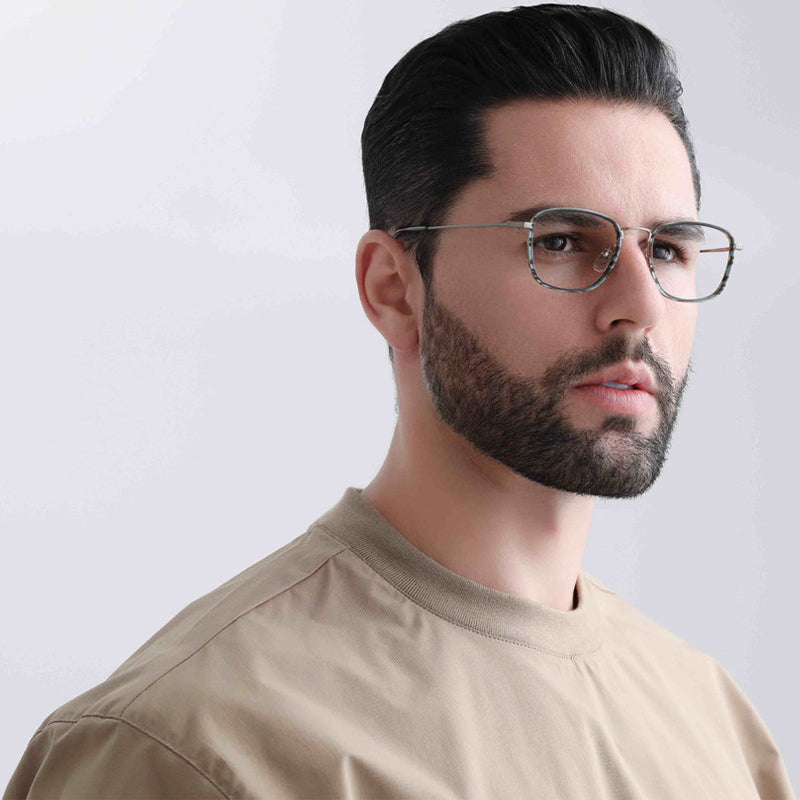 Square Glasses MW1321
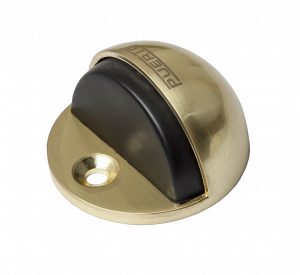 Ограничитель дверной "DS-P 44" напольный дверной фурнитуры для межкомнатных дверей оптом и в розницу с доставкой по всей России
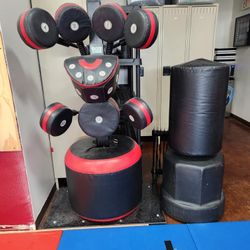 Punching bags for sale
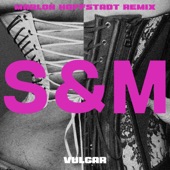 VULGAR (Marlon Hoffstadt Remix) artwork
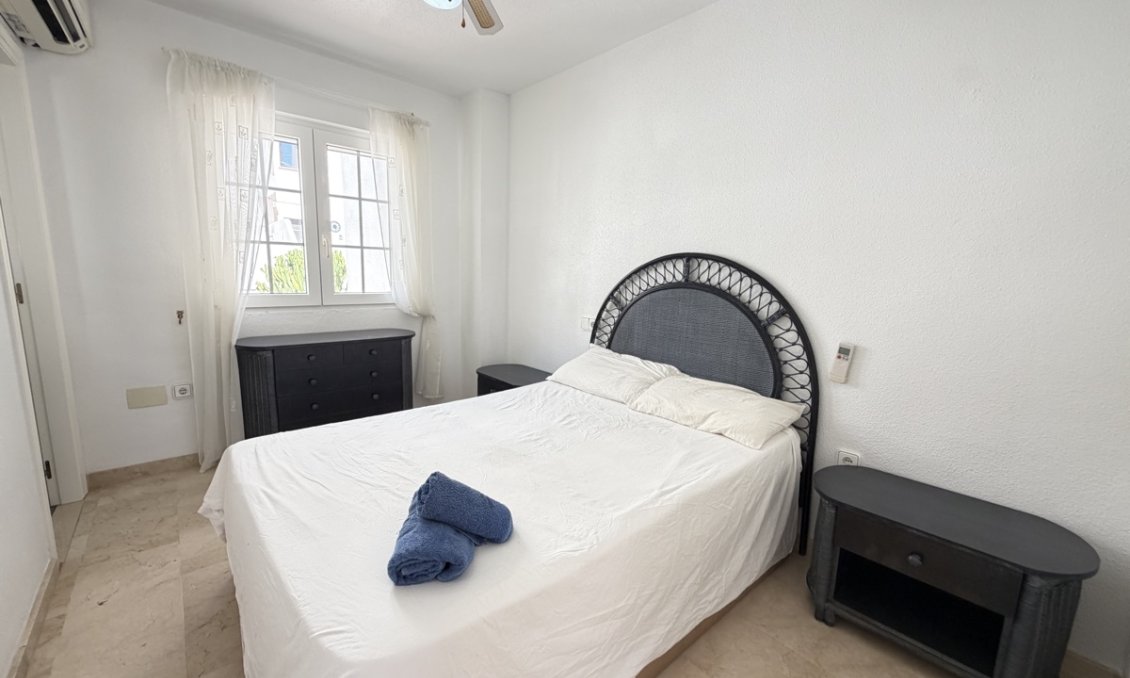 Resale - Villa -
Las Ramblas Golf - Inland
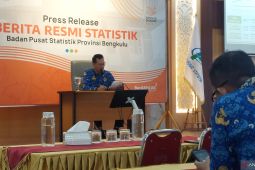 Inflasi Bengkulu di September 3,38 persen masih dalam target nasional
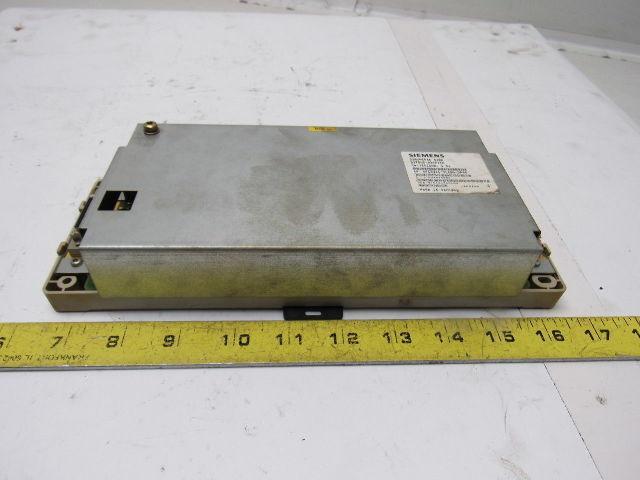 Siemens 6FC5211-0CA00-0AA0 Ver G Sinumerik 840D Bitbus Adapter Module SW 1.04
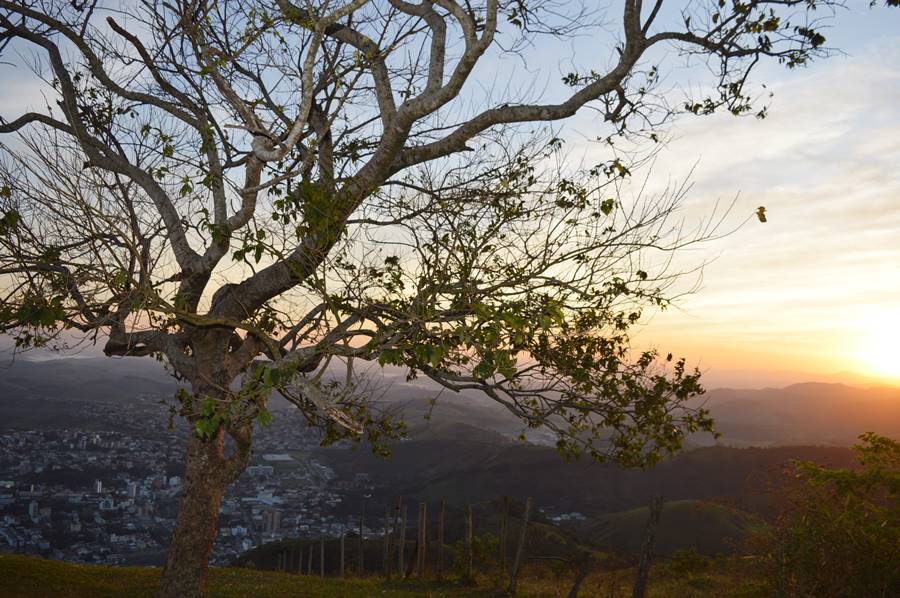 Verão se despede e outono chega prometendo temperatura mais amena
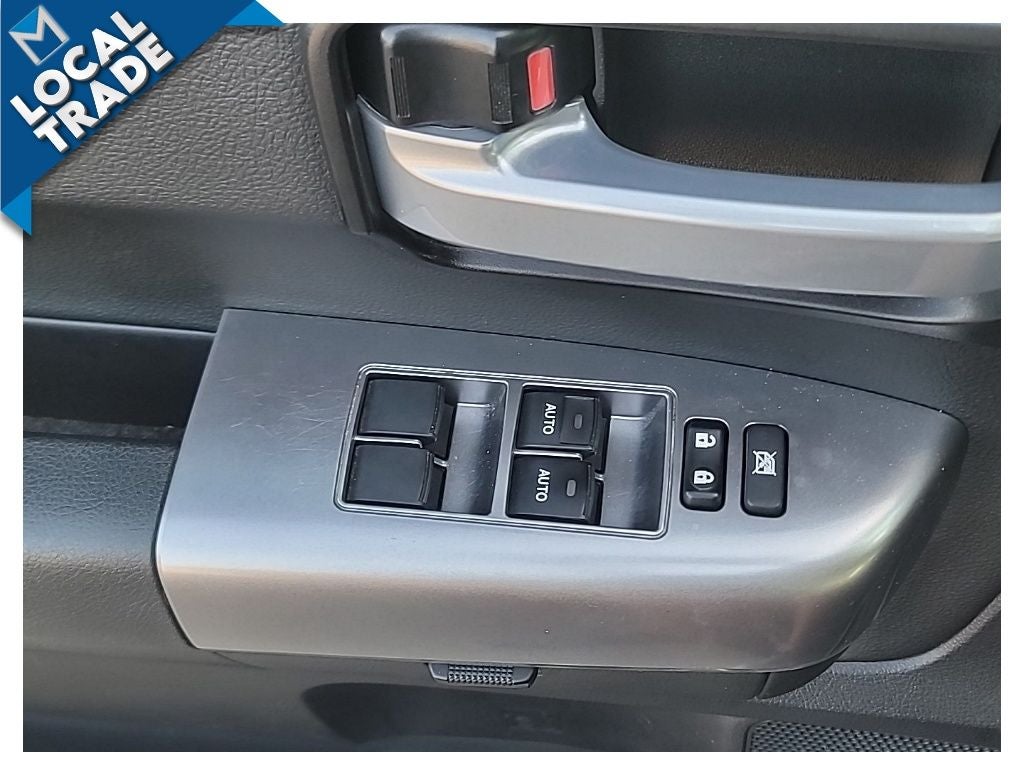 2021 Toyota Sequoia Nightshade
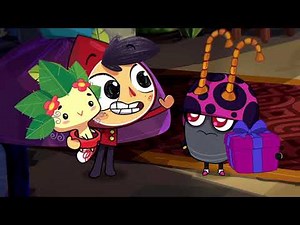 O Presente | As microaventuras de Tito e Muda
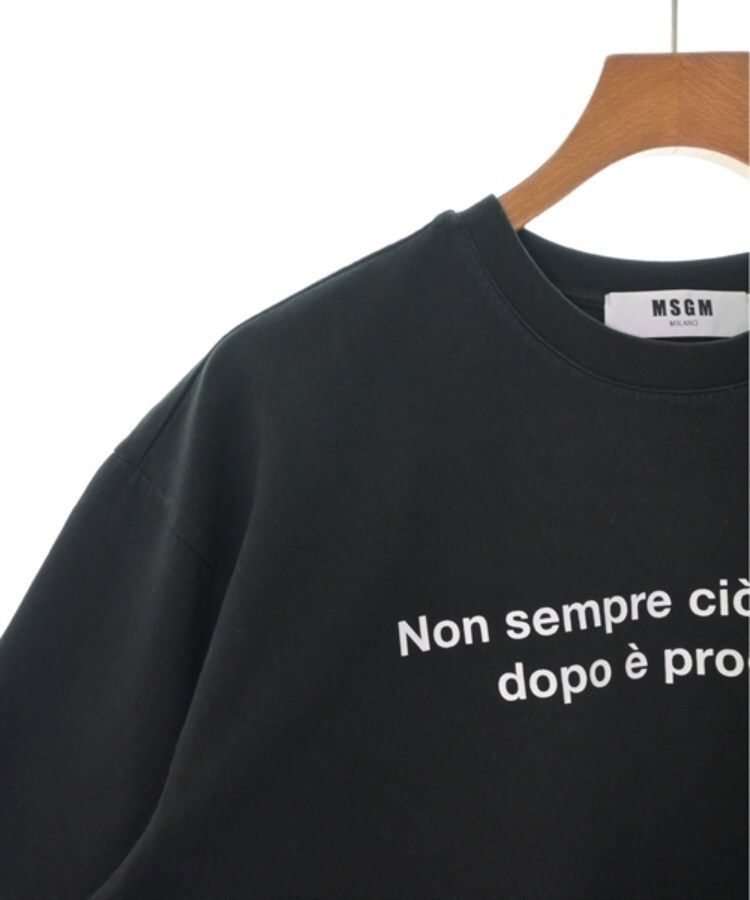 ラグタグ(RAGTAG)のMSGM エムエスジーエム メンズ Tシャツ・カットソー サイズ：M4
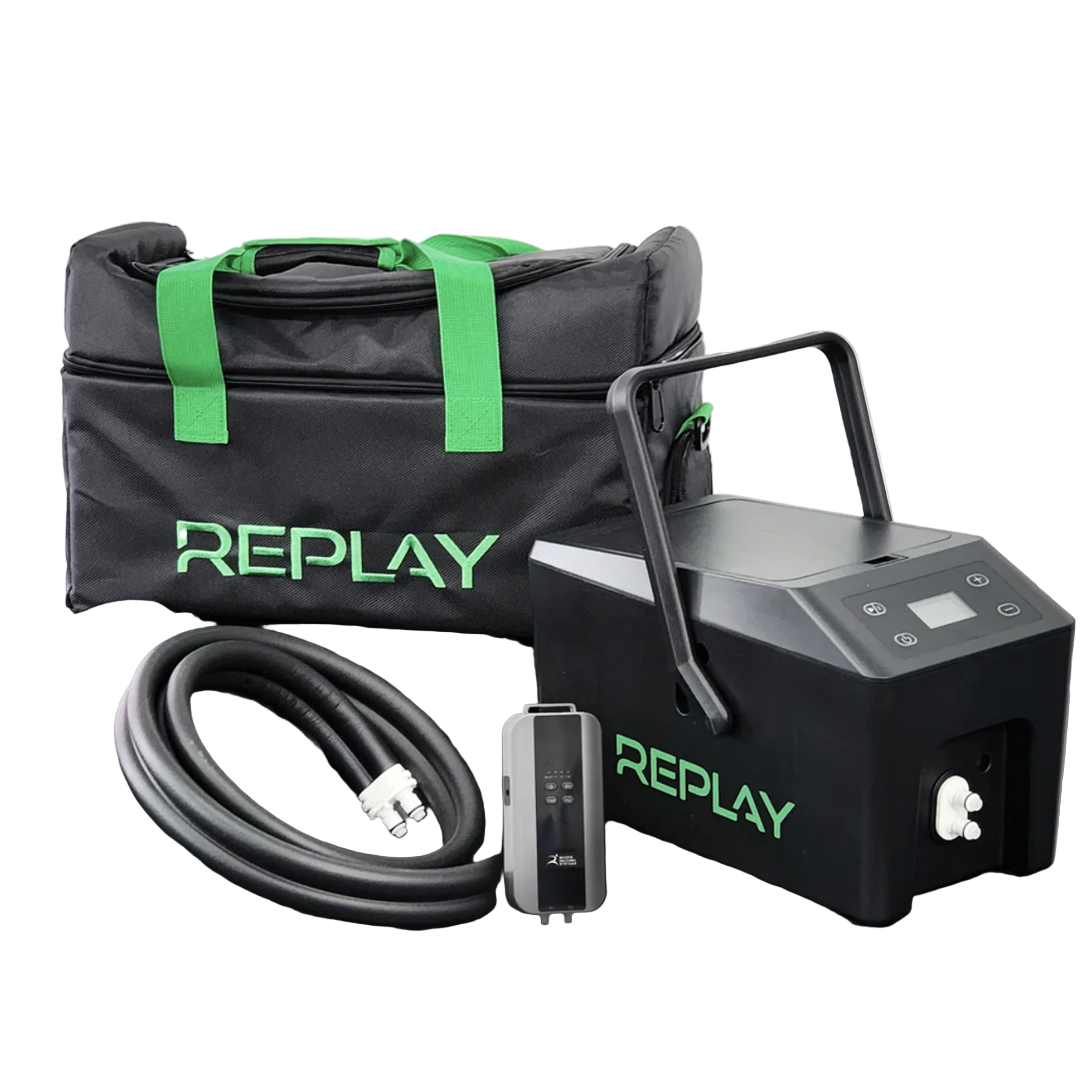 Replay Pro - Ice Compression therapy for Sports Recovery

◆ ◆ ◆ ◆ ◆ ◆ ◆

### Required work
Would you output the data exactly, without any of its images?

### Result
 Square Glasses MW1321
 Ограничитель дверной "DS-P 44" напольный дверной фурнитуры для межкомнатных дверей оптом и в розницу с доставкой по всей России
 Punching bags for sale
 VULGAR (Marlon Hoffstadt Remix) artwork
 Resale - Villa -
Las Ramblas Golf - Inland
 Inflasi Bengkulu di September 3,38 persen masih dalam target nasional
 Siemens 6FC5211-0CA00-0AA0 Ver G Sinumerik 840D Bitbus Adapter Module SW 1.04
 Verão se despede e outono chega prometendo temperatura mais amena
 2021 Toyota Sequoia Nightshade
 O Presente | As microaventuras de Tito e Muda
 ラグタグ(RAGTAG)のMSGM エムエスジーエム メンズ Tシャツ・カットソー サイズ：M4
 Replay Pro - Ice Compression therapy for Sports Recovery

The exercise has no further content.